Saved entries
────────────────────────────────────────

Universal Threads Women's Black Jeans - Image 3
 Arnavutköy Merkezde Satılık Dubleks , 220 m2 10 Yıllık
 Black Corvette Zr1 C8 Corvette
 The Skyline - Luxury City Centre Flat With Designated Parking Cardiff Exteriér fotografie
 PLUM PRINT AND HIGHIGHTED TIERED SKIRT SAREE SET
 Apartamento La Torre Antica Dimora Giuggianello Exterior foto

────────────────────────────────────────

What the task requires:
The lines to show are those in the data above that include "Black".

Solution to this task:
Universal Threads Women's Black Jeans - Image 3
 Black Corvette Zr1 C8 Corvette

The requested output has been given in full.